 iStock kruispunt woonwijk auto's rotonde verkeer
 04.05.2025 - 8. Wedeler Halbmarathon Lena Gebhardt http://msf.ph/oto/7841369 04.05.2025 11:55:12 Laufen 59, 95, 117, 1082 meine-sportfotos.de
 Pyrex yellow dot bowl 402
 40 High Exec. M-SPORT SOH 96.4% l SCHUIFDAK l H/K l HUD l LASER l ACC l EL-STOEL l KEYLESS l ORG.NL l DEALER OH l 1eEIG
...
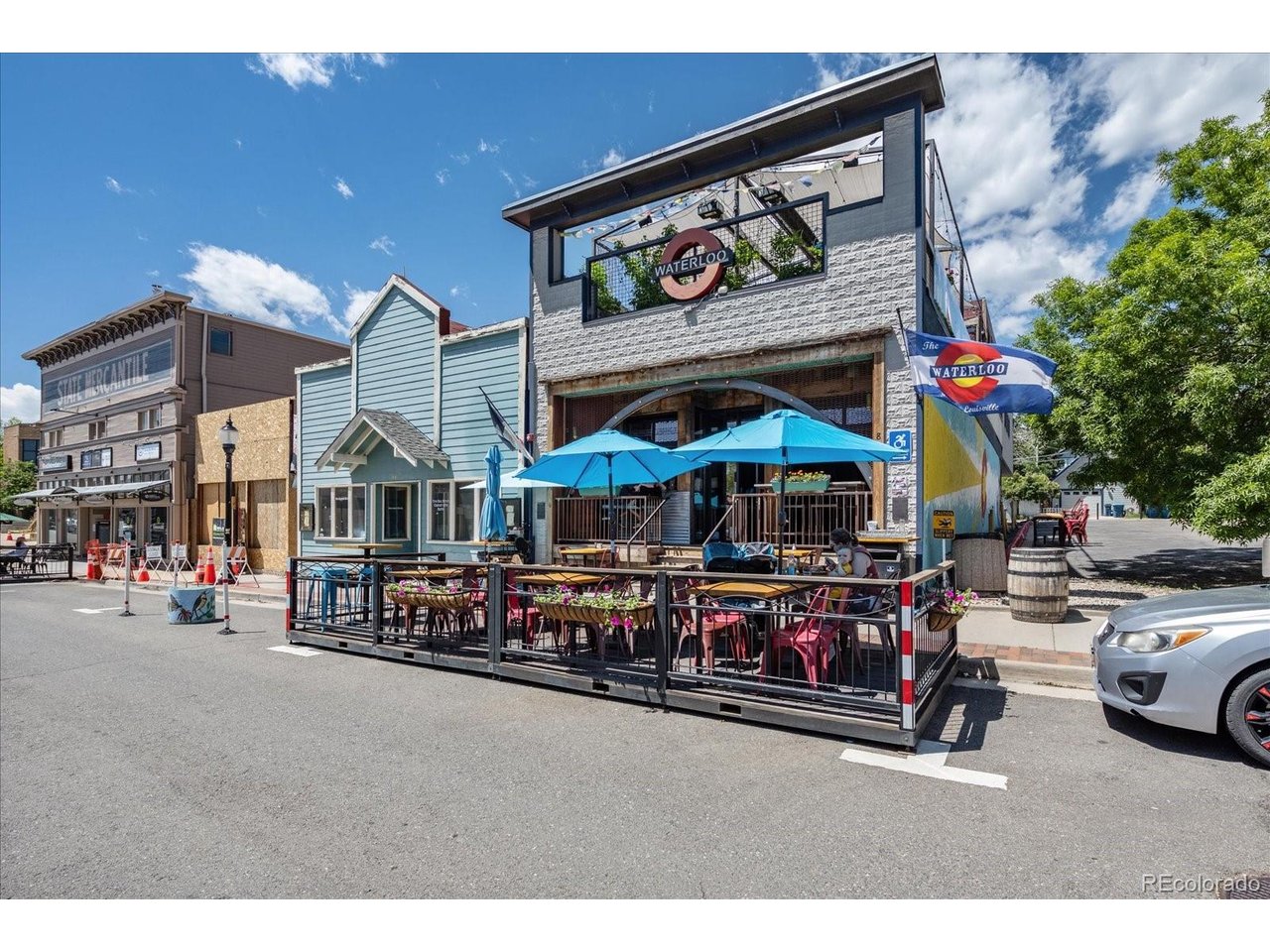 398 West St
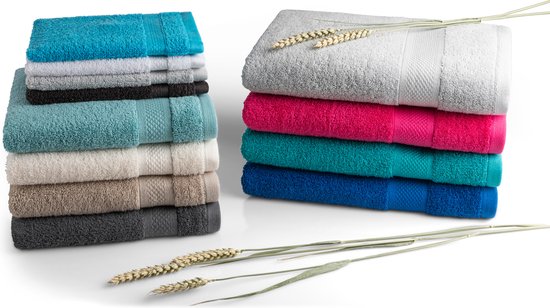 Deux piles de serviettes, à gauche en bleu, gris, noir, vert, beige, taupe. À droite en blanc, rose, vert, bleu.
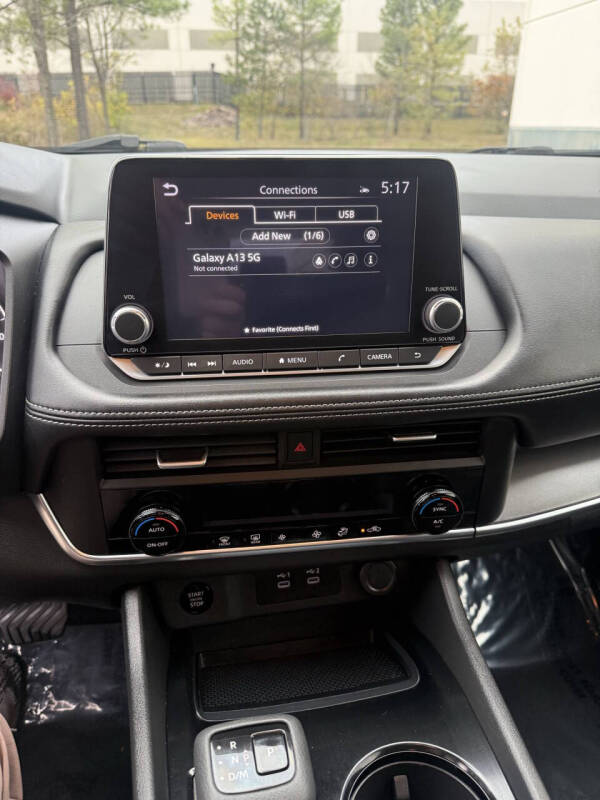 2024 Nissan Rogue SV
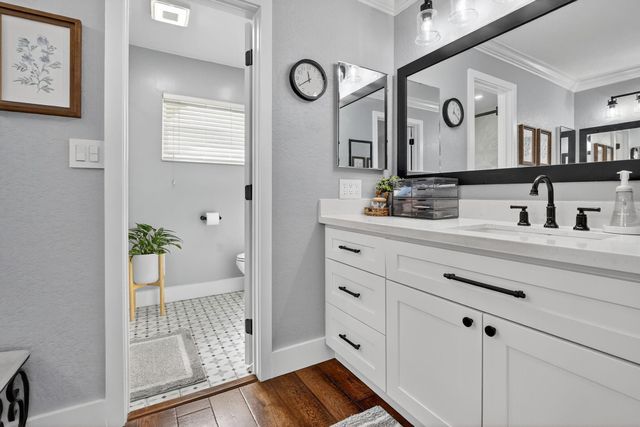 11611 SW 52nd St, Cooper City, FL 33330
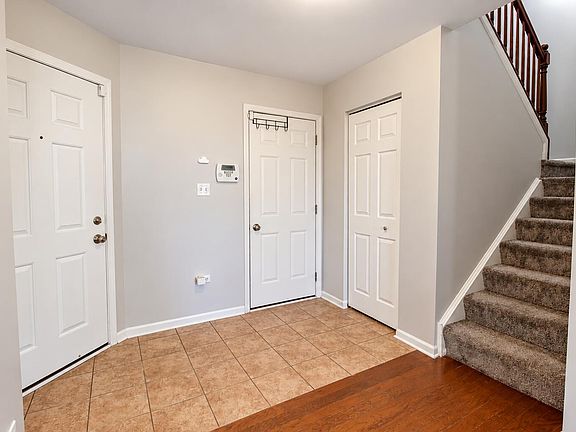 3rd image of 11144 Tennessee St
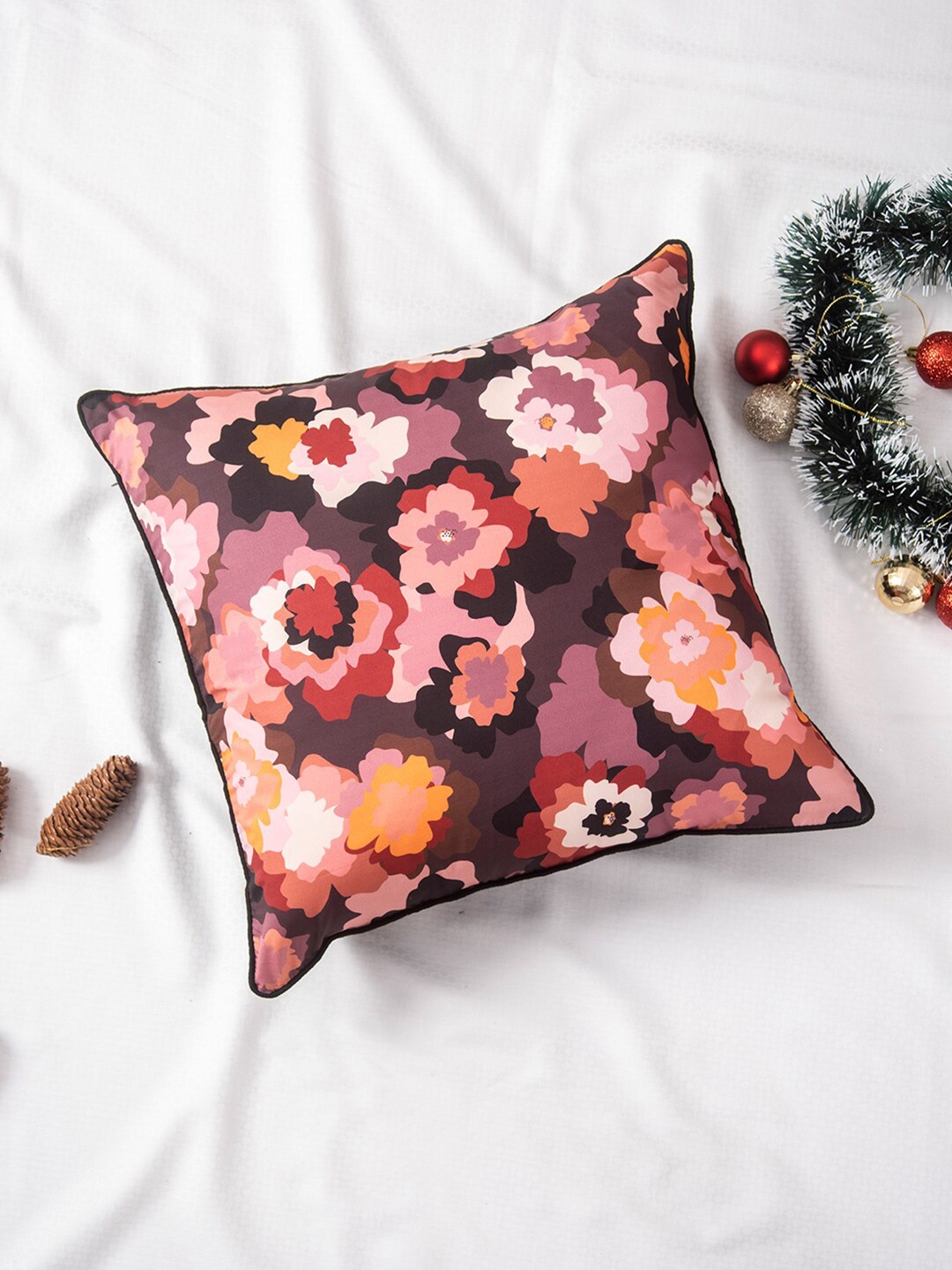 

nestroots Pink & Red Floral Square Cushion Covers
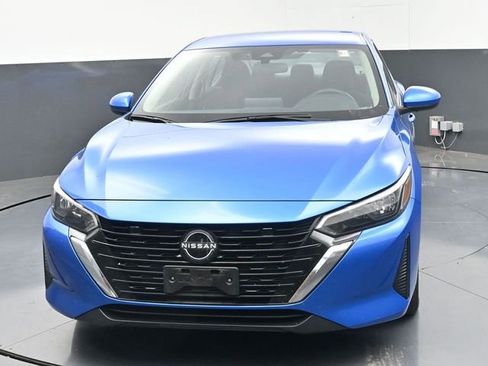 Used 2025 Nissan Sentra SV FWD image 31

### What the exercise asks
Quote the lines above exactly, starting with the one that has "3rd image of 11144 Tennessee St" and ending with the one that has "Used 2025 Nissan Sentra SV FWD image 31"; drop the pictures and include nothing else.

### Exercise result
 3rd image of 11144 Tennessee St

nestroots Pink & Red Floral Square Cushion Covers
 Used 2025 Nissan Sentra SV FWD image 31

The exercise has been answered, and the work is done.